Produce the same data once more, line for line.

Web page caption snippets
╔══

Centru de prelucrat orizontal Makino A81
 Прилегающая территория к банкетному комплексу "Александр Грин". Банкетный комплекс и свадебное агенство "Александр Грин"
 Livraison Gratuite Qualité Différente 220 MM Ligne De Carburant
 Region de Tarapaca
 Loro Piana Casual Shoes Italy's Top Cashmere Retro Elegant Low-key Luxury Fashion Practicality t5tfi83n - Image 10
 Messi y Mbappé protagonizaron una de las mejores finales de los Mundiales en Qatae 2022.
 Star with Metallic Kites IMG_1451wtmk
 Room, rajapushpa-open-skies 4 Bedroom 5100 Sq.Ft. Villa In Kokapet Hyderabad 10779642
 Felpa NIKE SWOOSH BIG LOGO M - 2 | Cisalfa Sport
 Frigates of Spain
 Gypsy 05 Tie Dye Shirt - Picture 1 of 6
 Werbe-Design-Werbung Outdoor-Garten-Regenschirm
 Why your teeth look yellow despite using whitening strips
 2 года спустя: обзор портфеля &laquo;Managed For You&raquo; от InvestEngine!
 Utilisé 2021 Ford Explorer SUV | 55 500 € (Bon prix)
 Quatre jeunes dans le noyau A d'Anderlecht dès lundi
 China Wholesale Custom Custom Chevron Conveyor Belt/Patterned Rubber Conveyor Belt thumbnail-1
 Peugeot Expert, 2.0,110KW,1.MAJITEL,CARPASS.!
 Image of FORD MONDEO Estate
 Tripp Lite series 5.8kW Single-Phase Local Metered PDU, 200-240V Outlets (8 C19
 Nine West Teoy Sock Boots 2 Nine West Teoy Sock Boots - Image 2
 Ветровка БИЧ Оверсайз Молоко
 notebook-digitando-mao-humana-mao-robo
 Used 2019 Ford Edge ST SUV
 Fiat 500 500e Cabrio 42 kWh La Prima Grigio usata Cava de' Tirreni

╚══

### Result
Centru de prelucrat orizontal Makino A81
 Прилегающая территория к банкетному комплексу "Александр Грин". Банкетный комплекс и свадебное агенство "Александр Грин"
 Livraison Gratuite Qualité Différente 220 MM Ligne De Carburant
 Region de Tarapaca
 Loro Piana Casual Shoes Italy's Top Cashmere Retro Elegant Low-key Luxury Fashion Practicality t5tfi83n - Image 10
 Messi y Mbappé protagonizaron una de las mejores finales de los Mundiales en Qatae 2022.
 Star with Metallic Kites IMG_1451wtmk
 Room, rajapushpa-open-skies 4 Bedroom 5100 Sq.Ft. Villa In Kokapet Hyderabad 10779642
 Felpa NIKE SWOOSH BIG LOGO M - 2 | Cisalfa Sport
 Frigates of Spain
 Gypsy 05 Tie Dye Shirt - Picture 1 of 6
 Werbe-Design-Werbung Outdoor-Garten-Regenschirm
 Why your teeth look yellow despite using whitening strips
 2 года спустя: обзор портфеля &laquo;Managed For You&raquo; от InvestEngine!
 Utilisé 2021 Ford Explorer SUV | 55 500 € (Bon prix)
 Quatre jeunes dans le noyau A d'Anderlecht dès lundi
 China Wholesale Custom Custom Chevron Conveyor Belt/Patterned Rubber Conveyor Belt thumbnail-1
 Peugeot Expert, 2.0,110KW,1.MAJITEL,CARPASS.!
 Image of FORD MONDEO Estate
 Tripp Lite series 5.8kW Single-Phase Local Metered PDU, 200-240V Outlets (8 C19
 Nine West Teoy Sock Boots 2 Nine West Teoy Sock Boots - Image 2
 Ветровка БИЧ Оверсайз Молоко
 notebook-digitando-mao-humana-mao-robo
 Used 2019 Ford Edge ST SUV
 Fiat 500 500e Cabrio 42 kWh La Prima Grigio usata Cava de' Tirreni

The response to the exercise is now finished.